You mean like General Electric– the 2nd largest company in the world?
Edison Light(house)
There’s no story. Companies have followed a long-term trend to shorten their names:
General Motors → GM
General Electric → GE
First National City Bank → Citibank
Mutual of New York → MoNY
Merrill Lynch Pierce Fenner & Smith → Merrill Lynch
National Biscuit Company → Nabisco
National Broadcasting Company → NBC
Columbia Broadcasting System → CBS
American Broadcasting Company → ABC
American Telephone and Telegraph → AT&T
International Business Machines → IBM
Hewlett-Packard → HP
New York Telephone → Nynex → Verizon
Standard Oil Company of New York → Socony Mobil → Mobil
United Parcel Service → UPS
Federal Express → FedEx
Thus
Consolidated Edison → ConEd
In the early 1890s three companies dominated the new market for electric power: Edison General Electric, Thomson-Houston, and Westinghouse. The men who ran the businesses all hated each other, but they also recognized that splitting the power world three ways wasn’t going to work. Mostly because Edison was adamant about using DC power and had the big city systems, Westinghouse had all the AC power in smaller cities, and Thomson-Houston dithered about which way to go.
Westinghouse couldn’t get himself to sell out, so on April 15, 1892 a new General Electric Company was incorporated, merging Thomson-Houston with Edison. J. P. Morgan, the financier, provided the big money. He didn’t even bother to tell Edison that he was dropping his name from the company. Edison heard it from a reporter.
They kept Edison on as a member of the board, but he had no actual power. He had no system either, since AC smashed DC by being able to transmit power over long distances, so that plants weren’t needed every few blocks in a city. Edison soon left the company entirely. He was pretty much finished by that time anyway. All his major inventions were in the past.

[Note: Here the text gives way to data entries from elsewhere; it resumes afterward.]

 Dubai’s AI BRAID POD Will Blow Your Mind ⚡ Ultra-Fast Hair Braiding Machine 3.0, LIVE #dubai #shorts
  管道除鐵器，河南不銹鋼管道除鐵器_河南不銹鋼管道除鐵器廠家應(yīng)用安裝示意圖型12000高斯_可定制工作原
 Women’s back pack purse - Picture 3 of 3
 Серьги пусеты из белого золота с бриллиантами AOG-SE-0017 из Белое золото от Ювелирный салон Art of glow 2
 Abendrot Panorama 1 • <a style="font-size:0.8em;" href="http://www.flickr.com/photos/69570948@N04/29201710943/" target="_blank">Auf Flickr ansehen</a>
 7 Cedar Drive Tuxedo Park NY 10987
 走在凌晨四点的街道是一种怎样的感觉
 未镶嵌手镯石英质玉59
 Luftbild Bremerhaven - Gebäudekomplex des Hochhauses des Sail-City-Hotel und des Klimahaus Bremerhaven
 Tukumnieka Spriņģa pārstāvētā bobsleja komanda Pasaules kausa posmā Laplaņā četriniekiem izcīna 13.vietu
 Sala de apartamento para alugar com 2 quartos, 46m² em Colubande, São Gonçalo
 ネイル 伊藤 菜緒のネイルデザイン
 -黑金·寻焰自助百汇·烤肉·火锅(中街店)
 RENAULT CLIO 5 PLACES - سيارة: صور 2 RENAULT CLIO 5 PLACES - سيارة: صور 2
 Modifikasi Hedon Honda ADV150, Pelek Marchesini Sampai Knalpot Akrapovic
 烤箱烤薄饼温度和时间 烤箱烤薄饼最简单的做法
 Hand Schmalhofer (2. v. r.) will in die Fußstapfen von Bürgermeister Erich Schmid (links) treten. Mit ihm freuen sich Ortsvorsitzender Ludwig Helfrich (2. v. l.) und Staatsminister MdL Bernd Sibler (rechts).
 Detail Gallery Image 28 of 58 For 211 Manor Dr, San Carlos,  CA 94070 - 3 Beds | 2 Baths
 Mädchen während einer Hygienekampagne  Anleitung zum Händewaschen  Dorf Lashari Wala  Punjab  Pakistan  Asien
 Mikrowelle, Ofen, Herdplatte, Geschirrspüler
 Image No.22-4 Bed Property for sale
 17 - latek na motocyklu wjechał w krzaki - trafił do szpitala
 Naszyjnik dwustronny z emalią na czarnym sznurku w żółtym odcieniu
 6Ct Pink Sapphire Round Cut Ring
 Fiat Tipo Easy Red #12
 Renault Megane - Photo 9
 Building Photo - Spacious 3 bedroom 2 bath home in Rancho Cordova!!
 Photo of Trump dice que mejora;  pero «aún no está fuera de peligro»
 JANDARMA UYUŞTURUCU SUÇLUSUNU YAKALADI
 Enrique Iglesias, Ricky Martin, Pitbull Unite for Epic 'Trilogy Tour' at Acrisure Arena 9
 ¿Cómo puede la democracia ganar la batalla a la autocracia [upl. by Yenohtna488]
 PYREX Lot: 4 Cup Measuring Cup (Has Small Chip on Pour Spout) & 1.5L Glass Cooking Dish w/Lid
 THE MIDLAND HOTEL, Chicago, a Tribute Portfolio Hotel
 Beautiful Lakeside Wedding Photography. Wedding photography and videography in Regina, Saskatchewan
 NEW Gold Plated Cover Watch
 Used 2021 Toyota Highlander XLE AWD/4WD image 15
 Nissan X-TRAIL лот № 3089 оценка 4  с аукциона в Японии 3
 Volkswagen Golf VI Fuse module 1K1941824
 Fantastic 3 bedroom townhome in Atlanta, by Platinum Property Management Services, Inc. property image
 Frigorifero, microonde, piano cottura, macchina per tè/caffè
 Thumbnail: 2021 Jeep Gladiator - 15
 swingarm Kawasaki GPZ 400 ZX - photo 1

His name lived on in the local power companies he had established earlier, but he was never a businessman. He always spent more money than he had and was dependent on what we would call venture capitalists to fund his, um, ventures. Westinghouse was as good a businessman as he was an inventor and so his company thrived. Elihu Thomson was an excellent inventor but the businessman who controlled everything was - no, not Houston - Charles Coffin, who became president of GE and ran the company for 30 years.
Finding an inventor who was capable of running a giant corporation is extremely rare. Westinghouse is the leading exception of his day.
Details from The Power Makers: Steam, Electricity, and the Men Who Invented Modern America, by Maury Klein, whose history of that period is excellent.
Sorry, I wasn’t clear in my post. I know the Ed in ConEd stands for Edison-- I’m curious about the disappearance of Edison from company names in general, like in the OP’s example of Boston Edison. It reminds me of the Bell name for local/regional branches of AT&T. Post-breakup, its usage has diminished, but it’s neat to see the vestiges of the name still lurking about (the B in SBC, there’s apparently a Cincinnati Bell still around).
Thanks for the info (I will get Klein’s book). I always wondered what happened to Edison, after he lost the AC-DC war with Westinghouse/Tesla. Edison had a very restless mind-he tried his hand at electric cars, and cast-concrete houses-he even tried to mine iron ore in New Jersey (lost his shirt on that one). The man never seemed to think to try out his ideas on a small-scale basis first-he rushed projects into development, before he could establish their feasibility.
That’s not a shortening issue so much as a merger issue. NYNEX was a Baby Bell made up of AT&T subsidiaries New York Telephone and New England Telephone (hence the NY and NE). Then it was bought by Bell Atlantic, and then later, Bell Atlantic merged with GTE and the combined company changed the name to Verizon.